In [None]:
%pip install psycopg2-binary
%pip install sqlalchemy

In [2]:
import psycopg
import pandas as pd

from dotenv import load_dotenv
import os

# Load the .env file
load_dotenv()

user = os.environ.get("CE_DB_USERNAME")
pw = os.environ.get("CE_DB_PASSWORD")
host = os.environ.get("CE_DB_HOST")
port = os.environ.get("CE_DB_PORT")
db = os.environ.get("CE_DB_NAME")

connection_string = f"dbname={db} user={user} password={pw} host={host} port={port}"

def hex_to_binary(hex_string):
    return bin(int(hex_string, 16))[2:].zfill(64)

def calculate_hamming_distance(phash1, phash2):
    # Convert hexadecimal phashes to binary
    binary1 = hex_to_binary(phash1)
    binary2 = hex_to_binary(phash2)
    
    # Ensure both binary strings are of equal length
    if len(binary1) != len(binary2):
        raise ValueError("Binary strings must be of equal length")
    
    # Calculate Hamming distance
    return sum(c1 != c2 for c1, c2 in zip(binary1, binary2))

# Example usage:
# phash1 = "951428607cf7cb8f"
# phash2 = "951428607cf7cb8e"
# distance = calculate_hamming_distance(phash1, phash2)
# print(f"Hamming distance between {phash1} and {phash2}: {distance}")

def levenshtein(s1, s2):
    from Levenshtein import distance
    return distance(s1, s2)


In [11]:
with psycopg.connect(connection_string) as conn:
    # Create a cursor object
    cursor = conn.cursor()

    # Execute the query
    query = "SELECT * FROM sites ORDER BY name"
    cursor.execute(query)

    # Fetch all the results
    results = cursor.fetchall()

    # Get the column names from cursor.description
    column_names = [desc[0] for desc in cursor.description]

    # Close the cursor
    cursor.close()

    # No need to manually close the connection when using 'with'

    # Convert the results to a data frame with column names
    df_sites = pd.DataFrame(results, columns=column_names)


In [16]:
with psycopg.connect(connection_string) as conn:
    # Create a cursor object
    cursor = conn.cursor()

    # Execute the query
    query = """
        SELECT sub_sites.*, sites.name AS site_name
        FROM sub_sites
        JOIN sites ON sub_sites.site_uuid = sites.uuid
        ORDER BY sub_sites.name
    """
    cursor.execute(query)

    # Fetch all the results
    results = cursor.fetchall()

    # Get the column names from cursor.description
    column_names = [desc[0] for desc in cursor.description]

    # Close the cursor
    cursor.close()

    # No need to manually close the connection when using 'with'

    # Convert the results to a data frame with column names
    df_subsites = pd.DataFrame(results, columns=column_names)


In [None]:
from libraries.client_stashapp import get_stashapp_client

stash = get_stashapp_client()

def get_parent_studio_id(studio):
    if studio["parent_studio"] is not None:
        return studio["parent_studio"]["id"]
    return None


In [116]:
studios = stash.find_studios({})
df_stash_studios = pd.DataFrame(studios)
df_stash_studios["parent_studio_id"] = df_stash_studios.apply(get_parent_studio_id, axis=1)

# Lookup functions
def get_studio_by_id(studio_id):
    return df_stash_studios[df_stash_studios["id"] == studio_id]

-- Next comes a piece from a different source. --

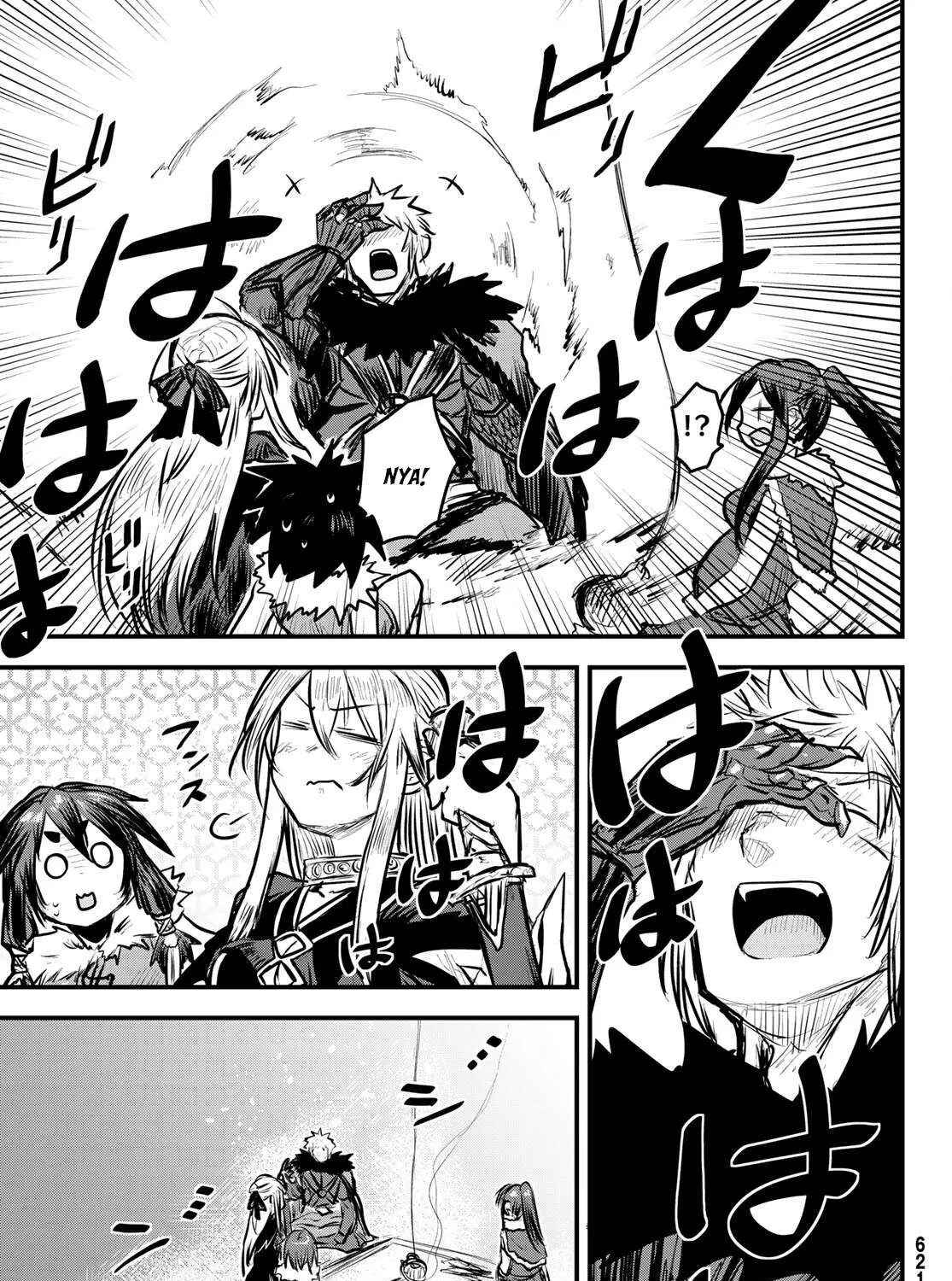 The Bride of Barbaroi Chapter 7 page 46 - 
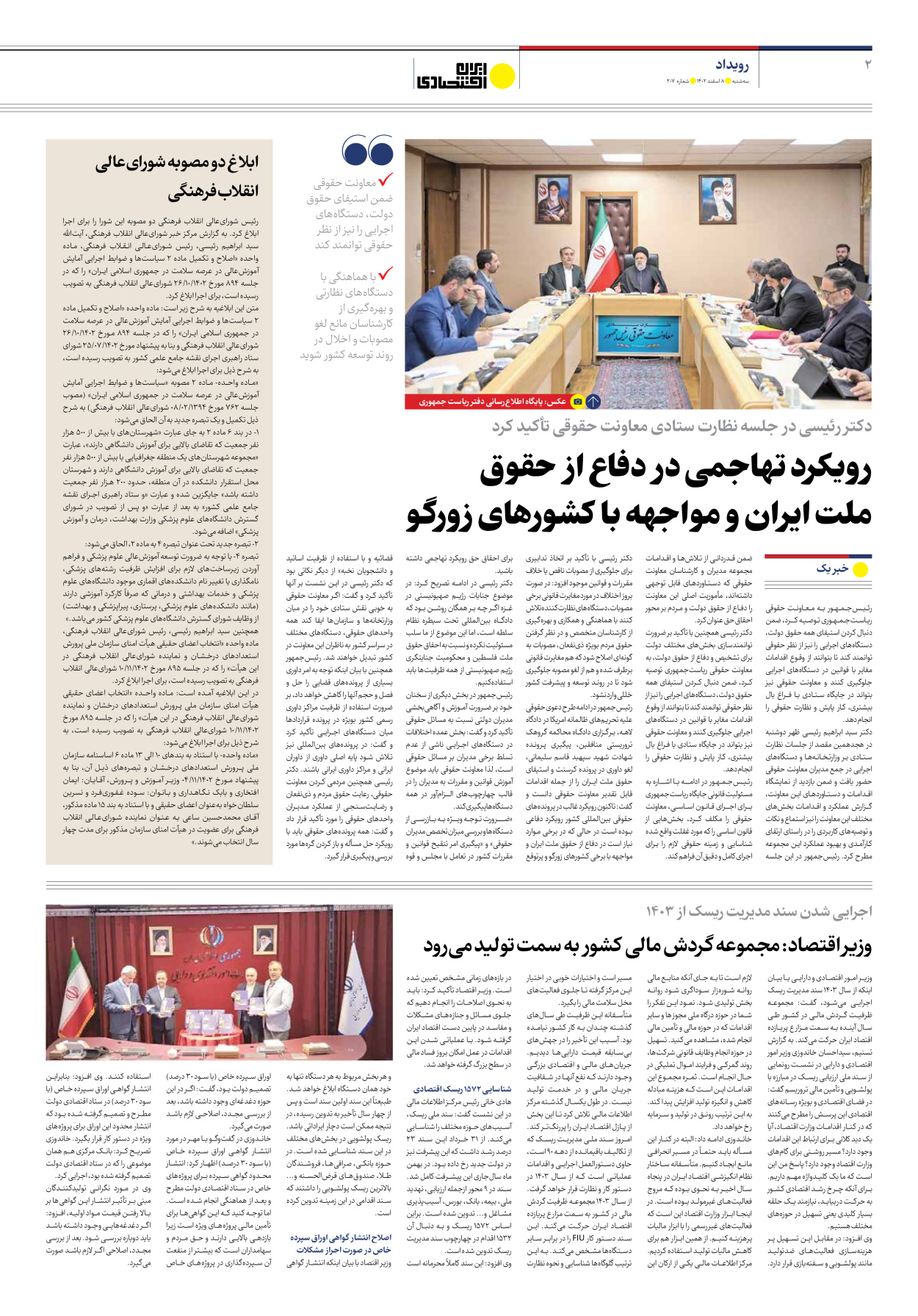 روزنامه ایران اقتصادی - شماره دویست و هفت - ۰۸ اسفند ۱۴۰۲ - صفحه ۲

def get_studio_by_name(studio_name):
    return df_stash_studios[df_stash_studios["name"] == studio_name]

In [13]:
# Create new dataframes with prefixed column names
df_sites_prefixed = df_sites.add_prefix('culture_extractor_')
df_stash_studios_prefixed = df_stash_studios.add_prefix('stash_')

# Merge the prefixed dataframes
df_matched_studios = pd.merge(df_stash_studios_prefixed, df_sites_prefixed, 
                              left_on='stash_name', 
                              right_on='culture_extractor_name', 
                              how='inner')

In [None]:
# Store Culture Extractor UUID in Stash studio
name = "SexArt"

df_matched_studio = df_matched_studios[df_matched_studios["stash_name"] == name]
if not df_matched_studio.empty:
    df_matched_studio = df_matched_studio.iloc[0]
else:
    print(f"No studio found with name: {name}")
    raise ValueError(f"No studio found with name: {name}")

refreshed_studio = stash.find_studio(name)
assert refreshed_studio is not None, f"No studio found with name: {name}"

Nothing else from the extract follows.